Was macht die Liebe jetzt so schwierig?
Gregor Philipp Lindner: Die Gewöhnung an eine sofortige Bedürfnisbefriedigung in nahezu allen Lebensbereichen und eine daraus resultierende große Ungeduld führt gerade in der Liebe zu großen Problemen. Darüber hinaus ist auf die Möglichkeit zahlloser Ablenkungen durch beispielsweise Medienkonsum hinzuweisen, einhergehend mit einer alle Sinne umfassende Reizüberflutung. Das Wesentliche zu erkennen und sich diesem zu widmen, scheint dem Einzelnen oft zu schwierig. Das stetige Gefühl der Austauschbarkeit innerhalb der Arbeitswelt überträgt sich auf das Privatleben und kann sowohl zu Abhängigkeiten als auch Distanzierungen gegenüber anderen Menschen führen. Für die Liebe als langfristiges Lebensmodell ist beides im Extrem gleichsam schädlich.

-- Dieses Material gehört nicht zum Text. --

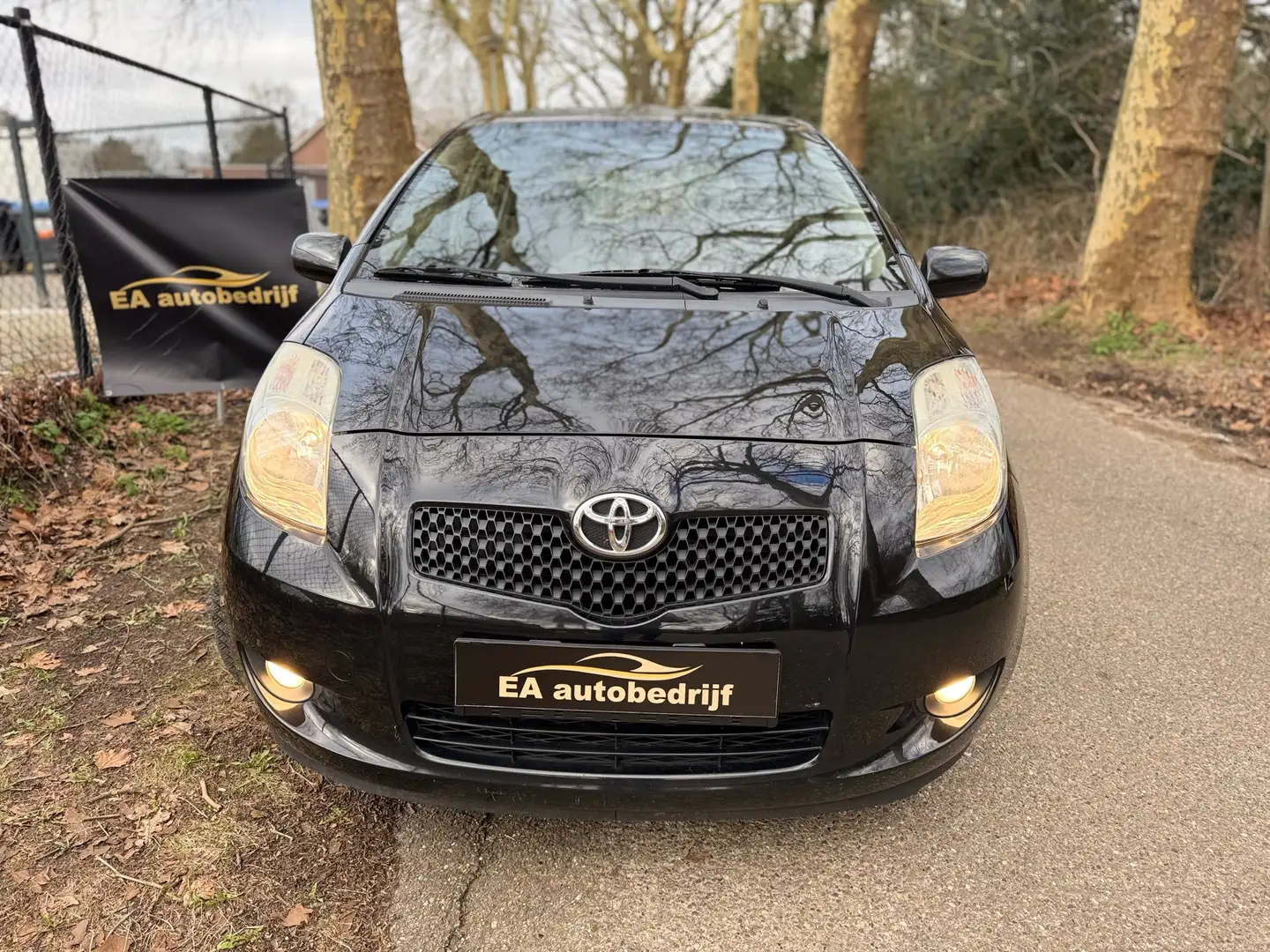 Toyota Yaris 1.3 VVTi  87 PK Bluetot/USB/Parkeerensensor/APK Zwart - 1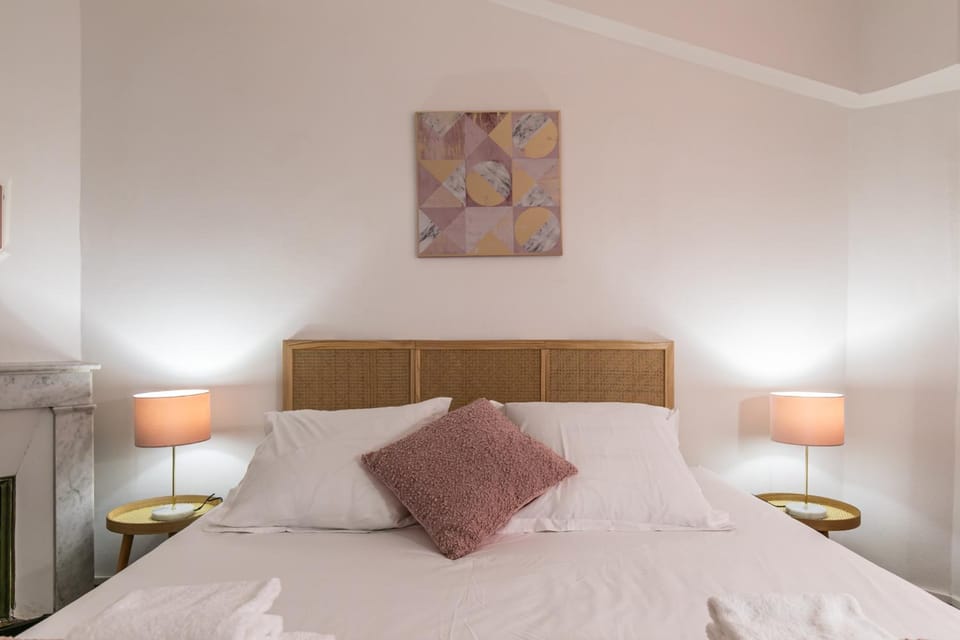 Bed, Decorative detail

Was ist denn aus Ihrer Sicht „die Liebe“?
Gregor Philipp Lindner: Liebe birgt die Möglichkeit, ein langfristiges glückliches Leben zu führen, in dem man sich ebenso lieben kann wie jemand anderen. Dies basiert meinem Verständnis nach auf einer sich entwickelnden Individualität der jeweiligen Partner. In dieser Form der Liebe offenbaren die Partner einander ihre Individualität und erkennen bzw. anerkennen die des anderen. Diesen stetigen Prozess innerhalb einer sexuellen Beziehung sehe ich als Möglichkeit in der heutigen Gesellschaft, ein langfristiges glückliches Leben zu zweit zu führen.
Welchen Ratschlag können Sie Singles auf Partnersuche geben?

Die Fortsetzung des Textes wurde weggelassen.